Decarbonizing India: How Greenko is turning Renewable Power into Round-the-Clock Electricity

The Pinnapuram project in south India includes a 1.68GW pumped storage hydroelectric facility

It’s incredible what is happening in India. The clean energy transition is in full swing and promises to transform a country that still relies on coal for more than half its energy into a global leader in renewable energy technology. And, as a symbol of this massive transition, one of the world’s biggest renewable projects is literally rising out of the ground in Pinnapuram, a rural corner of south-eastern Andhra Pradesh.

The scale is hard to fathom: Pinnapuram is a 1.68 GW pumped storage hydroelectric (PSH) facility which can effectively transform 4,000 MW of intermittent solar and wind energy into firm and schedulable power. Greenko, its developer and a company in which ORIX holds a 20% stake, is constructing two reservoirs, including a 49-meter-high dam, boring seven tunnels, assembling turbines, switchgear and thousands of other components.

Back at its headquarters in Hyderabad, Telangana, Greenko has set aside a dedicated ‘war room’ to monitor drone footage of the construction site to ensure everything is on track.

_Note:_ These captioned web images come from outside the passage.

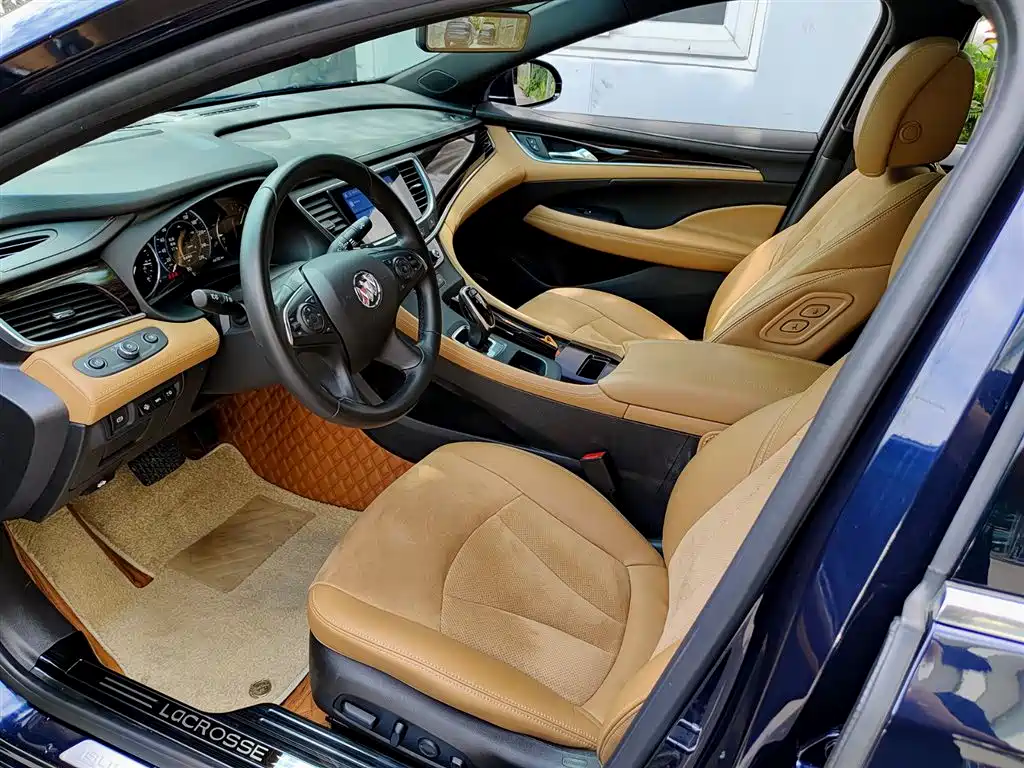 LaCrosse 652 T Distinguished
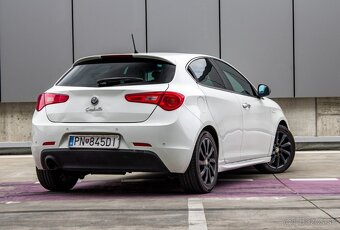 Alfa Romeo Giulietta - 5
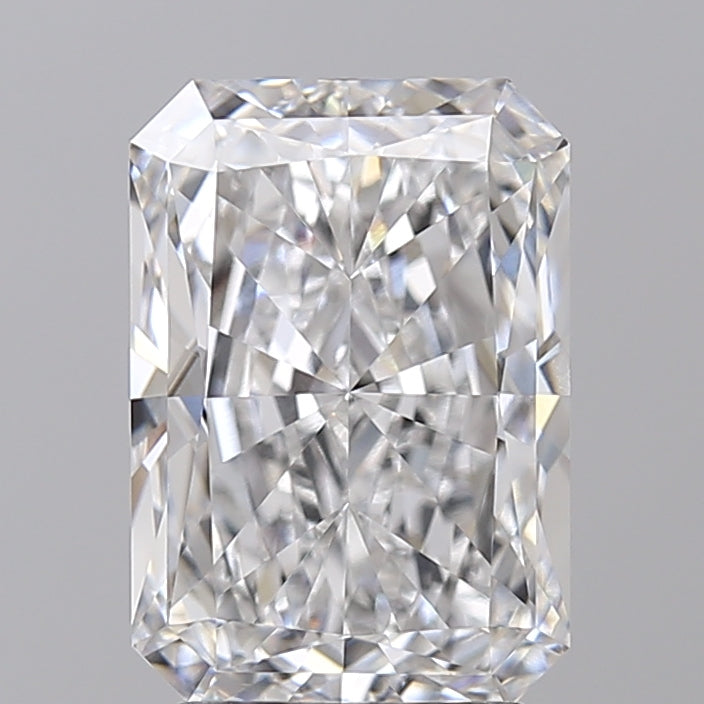 IGI Certified 3.60 CT Radiant Cut Lab Grown Diamond - VVS2 Clarity, D Color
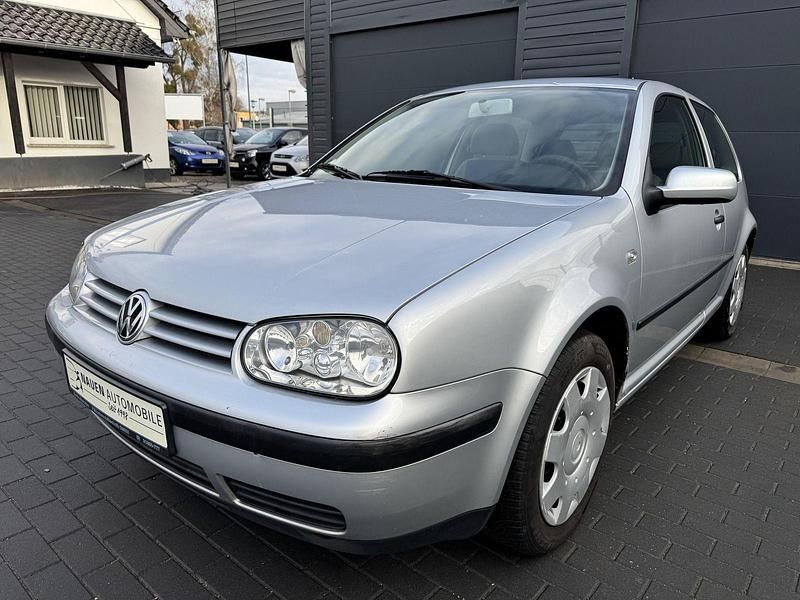 Grau Gebraucht 2000 VW Golf IV Edition Limousine | 970 € (Superpreis) - Bild 1/4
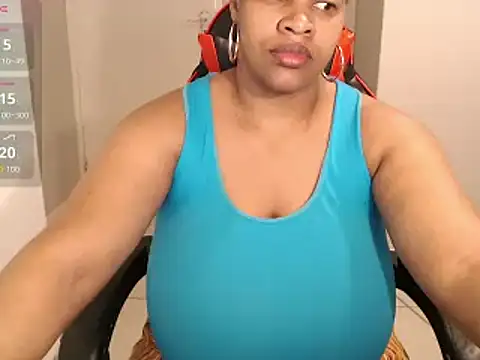 bustylisa1983 online show from September 22, 5:20 am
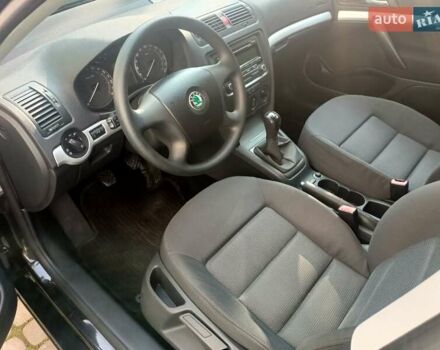 Черный Шкода Октавия, объемом двигателя 1.6 л и пробегом 240 тыс. км за 5650 $, фото 16 на Automoto.ua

Greenko’s HQ in Hyderabad houses monitoring rooms that oversee its current operational projects across India and construction sites of new ones like Pinnapuram

Size, however, is not even the most notable aspect of this project. What makes Pinnapuram a world first is the integration of the three different types of clean energy and, in particular, the use of closed-loop PSH for storing power – rather than a battery array, or not having any storage capacity at all.

Energy generated by the wind and solar farms will be used to pump water uphill from the lower to the upper reservoir at the rate of 1 billion cubic feet in nine hours. Once needed, the water is released downhill, driving hydroelectric turbines, with gravity doing the work. As a closed-loop system, it will not need any river water once the lower reservoir has been filled initially, eliminating any local environmental impact.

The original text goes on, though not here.